Loadbalancer healthchecks report error despite node ports connectable

Question

Loadbalancer healthchecks report error despite node ports connectable

process0 opened this issue 3 years ago · comments

Creating this issue here so others don't waste time. Maybe this should be in the documentation.

Setup:

K8S
Calico
hcloud CCM
hcloud CSI
Istio

Annotated the istio-ingressgateway with all information needed to use a pre-provisioned (terraformed) load balancer. Each http, https, and tcp node port on the worker nodes were connectable, yet the HCloud load balancer heath checks kept saying they were unreachable / not healthy.

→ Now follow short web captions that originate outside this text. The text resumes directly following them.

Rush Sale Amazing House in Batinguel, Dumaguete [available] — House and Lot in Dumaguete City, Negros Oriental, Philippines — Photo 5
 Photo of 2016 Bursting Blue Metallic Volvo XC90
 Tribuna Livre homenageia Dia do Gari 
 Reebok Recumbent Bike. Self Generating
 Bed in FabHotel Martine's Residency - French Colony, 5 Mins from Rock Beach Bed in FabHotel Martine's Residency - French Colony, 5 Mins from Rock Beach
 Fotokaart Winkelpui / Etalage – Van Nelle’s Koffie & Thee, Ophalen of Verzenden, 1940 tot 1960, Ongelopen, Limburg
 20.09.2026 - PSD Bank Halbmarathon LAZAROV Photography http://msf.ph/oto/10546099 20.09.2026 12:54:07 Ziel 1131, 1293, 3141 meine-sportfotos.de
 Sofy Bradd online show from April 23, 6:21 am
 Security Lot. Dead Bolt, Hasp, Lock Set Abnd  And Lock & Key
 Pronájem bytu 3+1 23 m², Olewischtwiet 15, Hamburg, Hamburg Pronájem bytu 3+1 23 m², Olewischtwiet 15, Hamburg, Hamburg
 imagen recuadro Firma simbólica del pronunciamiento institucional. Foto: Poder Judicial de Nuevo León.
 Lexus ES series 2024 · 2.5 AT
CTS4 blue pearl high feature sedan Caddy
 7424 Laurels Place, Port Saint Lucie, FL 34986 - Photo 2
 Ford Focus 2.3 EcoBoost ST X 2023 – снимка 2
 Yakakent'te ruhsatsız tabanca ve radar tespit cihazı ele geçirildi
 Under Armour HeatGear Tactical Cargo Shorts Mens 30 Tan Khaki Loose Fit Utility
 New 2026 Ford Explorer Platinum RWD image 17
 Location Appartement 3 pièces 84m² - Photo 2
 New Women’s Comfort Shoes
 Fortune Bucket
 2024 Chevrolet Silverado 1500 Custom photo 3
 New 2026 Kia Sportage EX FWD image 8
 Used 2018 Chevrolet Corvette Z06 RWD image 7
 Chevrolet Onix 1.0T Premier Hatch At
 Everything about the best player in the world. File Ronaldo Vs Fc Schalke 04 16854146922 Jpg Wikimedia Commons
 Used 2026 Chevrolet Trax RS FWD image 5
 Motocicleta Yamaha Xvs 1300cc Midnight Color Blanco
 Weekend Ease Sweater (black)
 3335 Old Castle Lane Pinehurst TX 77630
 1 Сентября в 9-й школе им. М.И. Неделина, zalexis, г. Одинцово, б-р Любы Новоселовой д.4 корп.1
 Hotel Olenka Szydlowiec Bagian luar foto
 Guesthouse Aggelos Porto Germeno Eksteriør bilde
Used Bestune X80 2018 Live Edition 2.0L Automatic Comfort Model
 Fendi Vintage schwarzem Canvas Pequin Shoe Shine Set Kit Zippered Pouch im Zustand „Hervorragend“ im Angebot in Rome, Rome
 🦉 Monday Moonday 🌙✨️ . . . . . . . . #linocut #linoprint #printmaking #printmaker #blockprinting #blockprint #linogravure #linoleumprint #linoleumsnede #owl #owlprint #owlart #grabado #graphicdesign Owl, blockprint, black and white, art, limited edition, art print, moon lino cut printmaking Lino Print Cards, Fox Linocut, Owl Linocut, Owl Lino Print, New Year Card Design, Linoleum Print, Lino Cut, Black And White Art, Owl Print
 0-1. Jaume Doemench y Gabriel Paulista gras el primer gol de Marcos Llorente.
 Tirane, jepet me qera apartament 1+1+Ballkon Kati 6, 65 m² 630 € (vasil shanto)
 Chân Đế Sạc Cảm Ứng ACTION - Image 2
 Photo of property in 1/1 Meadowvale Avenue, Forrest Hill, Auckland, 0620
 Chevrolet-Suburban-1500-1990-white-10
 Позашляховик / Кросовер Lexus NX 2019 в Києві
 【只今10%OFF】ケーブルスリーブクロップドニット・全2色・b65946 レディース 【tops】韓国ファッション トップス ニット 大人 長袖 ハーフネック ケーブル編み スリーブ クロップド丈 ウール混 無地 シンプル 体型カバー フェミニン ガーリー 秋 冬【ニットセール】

Checking tcpdump on the interface and filtering the node port, its clear the healthcheck packets don't get ack'd:

root@dev1-worker-2:~# tcpdump -i ens10 port 31945
tcpdump: verbose output suppressed, use -v or -vv for full protocol decode
listening on ens10, link-type EN10MB (Ethernet), capture size 262144 bytes
22:49:07.439005 IP 10.9.8.5.46310 > dev1-worker-2.cluster.local.31945: Flags [S], seq 2304935557, win 64860, options [mss 1410,sackOK,TS val 1914248445 ecr 0,nop,wscale 7], length 0
22:49:08.461531 IP 10.9.8.5.46310 > dev1-worker-2.cluster.local.31945: Flags [S], seq 2304935557, win 64860, options [mss 1410,sackOK,TS val 1914249468 ecr 0,nop,wscale 7], length 0
22:49:10.477634 IP 10.9.8.5.46310 > dev1-worker-2.cluster.local.31945: Flags [S], seq 2304935557, win 64860, options [mss 1410,sackOK,TS val 1914251484 ecr 0,nop,wscale 7], length 0

6: kube-ipvs0: <BROADCAST,NOARP> mtu 1500 qdisc noop state DOWN group default 
    link/ether 0e:83:d9:ad:a1:e3 brd ff:ff:ff:ff:ff:ff
    ...
    inet 10.9.8.5/32 scope global kube-ipvs0
       valid_lft forever preferred_lft forever

It became clear why. A route was created on each of the worker nodes containing the HCloud load balancer IP, so the HCloud load balancer never received the response.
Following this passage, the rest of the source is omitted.